Dr Ghanem, who gave the advice during a meeting with the Vice-President, Dr Mahamudu Bawumia, at the Jubilee House last Monday, expressed the readiness of the World Bank to support Ghana’s digitisation drive.
“We have been working with the African Union (AU) and the United Nations Economic Commission for Africa on developing a strategy for the digital transformation of the continent,” he said.
Among the strategies, Dr Ghanem said, were investment in infrastructure, modernisation of the regulatory and competition framework to bring down cost and build capacities which, he said, were to make Africa the startup continent.
He said “using technology in education and health care is what is happening all over the world and so it is a big area we would like to support.”
Dr Ghanem commended the government for the introduction of free Senior High School, saying “you have done a lot on the macroeconomic side but we think that your decision to provide free SHS is an important one.
it is something we would like to support because we have projects in the education sector and we would like to do even more and see how we can ensure access to quality education across Africa.

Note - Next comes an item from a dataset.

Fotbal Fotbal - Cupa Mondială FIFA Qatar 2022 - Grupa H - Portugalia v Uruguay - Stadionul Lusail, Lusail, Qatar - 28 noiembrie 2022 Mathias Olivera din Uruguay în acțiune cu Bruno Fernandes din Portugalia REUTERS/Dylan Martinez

He said the economy was also doing very well, with a growth rate around six per cent and that it was important that Ghana’s development continued and even accelerated.
Dr Ghanem said the progress being made was important for the country and the people just as much as it was for the rest of Africa because of the spillover and demonstration effects to show that a country that was reforming and opening up its economy was achieving good results.
“We at the World Bank are committed to supporting you and we will do our best to increase the size of our support and to also improve its quality and respond to your needs and priorities he added.”
Dr Bawumia in response outlined the various programmes and policies the government had been pursuing since assuming office and said, “President Nana Addo Dankwa Akufo-Addo has set a vision for the country to help to grow this economy to make it a modern prosperous economy such that Ghana could move beyond aid.
“We have had two consecutive years of a primary budget surplus which has been the first in a very long time that Ghana has had that.
The trade side is a positive balance current account and is also improving and so on the macro economy side, we have had very good performance,” he said.
However, Dr Bawumia said the government wanted to make sure that the growth was inclusive.
Therefore, he said the country was making sure “we have the free SHS which is going to be very important for the country 10 to 15 years from now, the enrolment rates are increasing across and last year, we had an increase of about 36 per cent in enrolment in SHS, 181, 000 pupils who would otherwise not have had access to SHS education are getting that access to SHS.”
Touching on digitisation, which he was so passionate about, Dr Bawumia said the government was on a major programme of digitisation because it believed that digitisation in the context of formalisation of the economy had many positives.
He, however, highlighted some of the challenges confronting the country, particularly in the energy sector.
“We have to look at how we transition from the liquid fuels to more gas to bring down the prices so it is an area that the World Bank has a lot of expertise and we could collaborate going forward, to see how to tackle some of these issues,” he said.